Тут какая‑то сволочь бросила в меня нож. Лезвие ударило по затылку, но бросок был до того неловок, что на бедной моей голове даже царапины не появилось. Я пощупал затылок — нет крови. Ни капли. Вояки, твою мать. Кто?

Я огляделся. Но не увидел на лицах ни страха, ни удивления. Будто ни один житель Дип Вэлли не заметил броска. Что, не хотят выдавать кого‑то? Я поискал глазами нож… Нет ножа на помосте. Наверное, отскочил от меня и упал прямо на землю.

О–о! Еще один удар в затылок. И еще!

— Да какая сволочь…

Сую руку в карман, достаю патроны и набиваю ими барабан. Пальцы привычны к этому делу настолько, что сами справляются с работой, а я все ищу в толпе мерзавца, который, видно, решил преподать урок шерифу…

Опять эта боль!

Я верчусь на помосте, мне нехорошо. В глазах темнеет. Достал он меня все‑таки, этот невидимка… О! Еще… Палю в воздух. Какие странные лица! Словно у кукол. Взгляды устремлены мимо меня, куда‑то вдаль, не пойми куда… Нет, не только лица застыли. И сами люди не шевелятся, никто слова не скажет, не откашляется в кулак, даже курево ко рту не…

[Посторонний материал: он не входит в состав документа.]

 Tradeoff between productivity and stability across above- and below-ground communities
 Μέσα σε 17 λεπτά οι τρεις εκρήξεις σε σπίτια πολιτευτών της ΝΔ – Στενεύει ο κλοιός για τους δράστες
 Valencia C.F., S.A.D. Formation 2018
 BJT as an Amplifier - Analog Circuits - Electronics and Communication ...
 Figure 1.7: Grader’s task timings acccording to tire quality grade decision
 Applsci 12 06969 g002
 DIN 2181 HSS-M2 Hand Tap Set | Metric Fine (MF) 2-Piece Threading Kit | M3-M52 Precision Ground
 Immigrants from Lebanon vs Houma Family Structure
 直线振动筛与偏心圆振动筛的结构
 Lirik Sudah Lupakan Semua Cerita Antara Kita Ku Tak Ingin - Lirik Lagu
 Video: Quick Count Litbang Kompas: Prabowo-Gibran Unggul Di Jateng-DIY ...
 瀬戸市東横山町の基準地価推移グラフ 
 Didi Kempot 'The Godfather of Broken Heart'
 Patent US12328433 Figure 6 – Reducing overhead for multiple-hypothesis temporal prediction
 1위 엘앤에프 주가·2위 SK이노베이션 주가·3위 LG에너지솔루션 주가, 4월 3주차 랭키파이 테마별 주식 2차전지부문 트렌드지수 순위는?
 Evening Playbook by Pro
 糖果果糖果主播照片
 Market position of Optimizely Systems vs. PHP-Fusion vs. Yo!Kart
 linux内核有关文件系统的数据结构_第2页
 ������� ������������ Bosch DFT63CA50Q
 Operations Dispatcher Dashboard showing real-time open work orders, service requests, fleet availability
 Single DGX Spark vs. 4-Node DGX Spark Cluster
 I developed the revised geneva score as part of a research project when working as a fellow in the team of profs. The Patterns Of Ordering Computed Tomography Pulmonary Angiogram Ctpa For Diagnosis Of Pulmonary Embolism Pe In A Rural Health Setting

Город Дип Вэлли исчез в одно мгновение.

Я лежу голый в темноте, плескаюсь в тёмной жидкости. Ванна.

— Извините за причиненные неудобства, мистер Эндрюс…

Мистер Эндрюс? Кто — мистер Эндрюс? Что — мистер Эндрюс?

— Мы вынуждены были скоростным методом отключить ваше сознание от имитационной модели…

Да. Конечно. Я не мэр, я и дня не провел в мэрах. И бандитом тоже не довелось… Мне просто захотелось попробовать — каково это: быть громилой с револьвером в руке и чумой в голове.

— Остаток денег на вашем счету будет вам возвращен. Сменный администратор объяснит вам, куда обратиться и какие документы подписать…

— А какого… Вы что, досрочно вытащили меня отсюда? Но почему?

— Мы понимаем ваше беспокойство, мистер Эндрюс. Мы приносим вам официальные извинения от лица руководства корпорации «Брэйнбилд». Однако в нынешней сложной военно–политической обстановке мы не можем нести ответственность за жизнь и здоровье клиентов.

Когда я пришел в Подземный город, наверху тлела невнятная заварушка. Это было далеко от меня, это меня не интересовало, я не стал наводить справки: кто, с кем, из‑за чего. Последний год вообще многовато стреляют на Совершенстве, но у нас всегда была планета не для слабонервных…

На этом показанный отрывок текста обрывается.